Jan. 14th, 2020 03:35 pmwww.theguardian.com/uk-news/2020/jan/14/revealed-uk-concealed-failure-to-alert-eu-over-75000-criminal-convictions
Oops. Now... who was Home Secretary when this happened?
As is I quote from the piece:
“Sophie in’t Veld, a Dutch MEP on the European parliament’s committee on civil liberties, justice and home affairs, told the Guardian there was a wealth of evidence that the UK could not be trusted.
“This is yet another scandal that casts a very dark shadow over security and law enforcement cooperation,” she said.
“After the revelations of deliberate abuse of the Schengen Information System, and earlier scandals like the hack of [the Belgian telecoms provider] Proximus by GCHQ, it is clear that the principle of ‘mutual trust’ will not work.
“This revelation of the failure to alert authorities on criminals and the cover up afterwards casts serious doubts on the UK as a reliable partner.
“The purpose of information exchange is enhancing security. If one side fails to deliver, security gains are zero and cooperation pointless. The UK government has to consider very carefully how it intends to restore trust, bearing in mind negotiations have to be concluded by autumn of this year.”

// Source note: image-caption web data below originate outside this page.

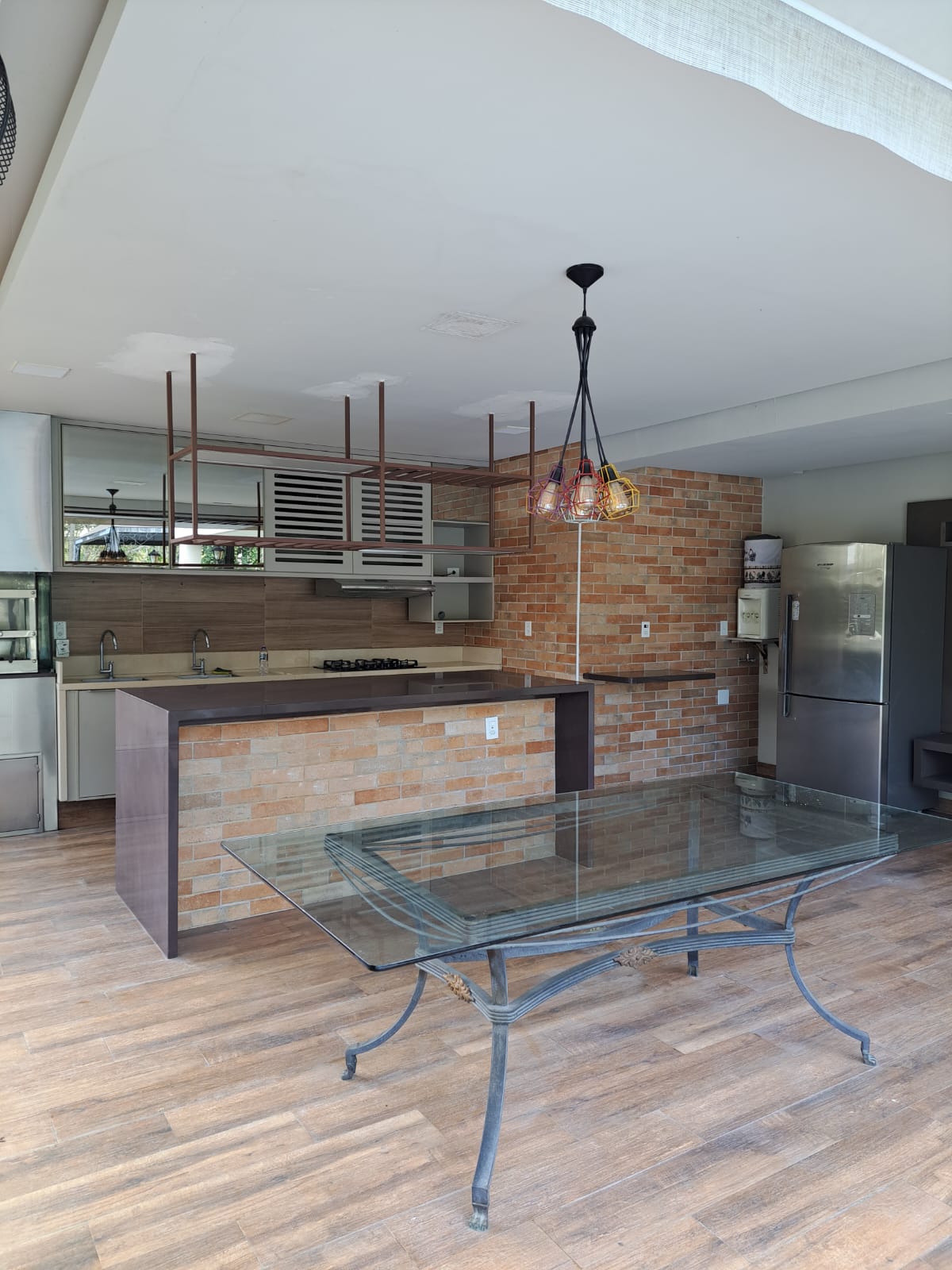 Itapuranga III casa com 621m2 de area construida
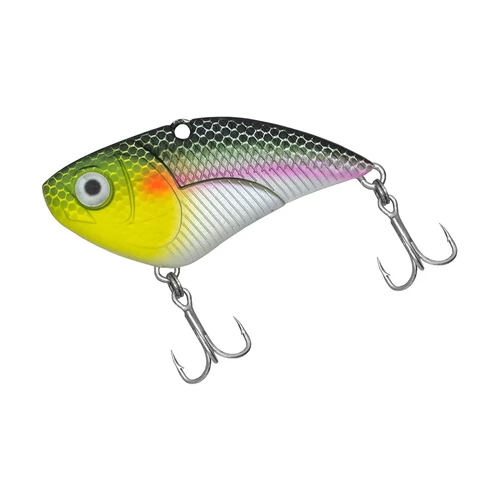 Blade Shaker műcsali 5 mm 135 g pisztráng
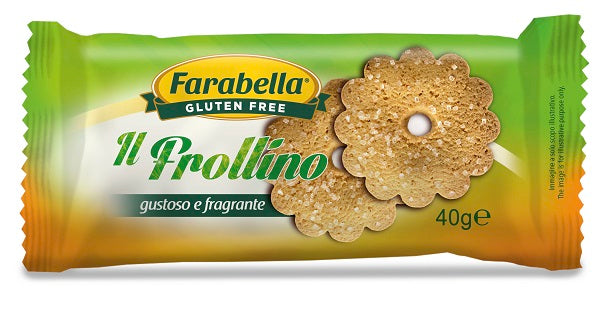 Farabella il frollino 40 g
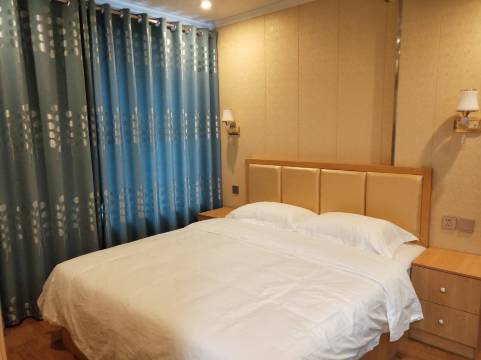 甘谷像山快捷宾馆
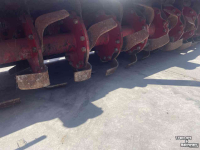 Fraise rotative Tulip RTCS 300-50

Officials believe the failure to alert EU partners is down to the police national computer, a database containing information on millions of convicted criminals and their jail records.”
Dash it chaps, if we are going to go it alone we will still need allies. I guess Ms Patel will need to get together with Mr Raab to thrash out a sensible and unified response from both the HO and the FO. This is uncharted water, obvs; but it looks as if the FO and HO are going to have to work together a bit better from here on in. After all they are both promoting Britain’s interest to markets both internal and external.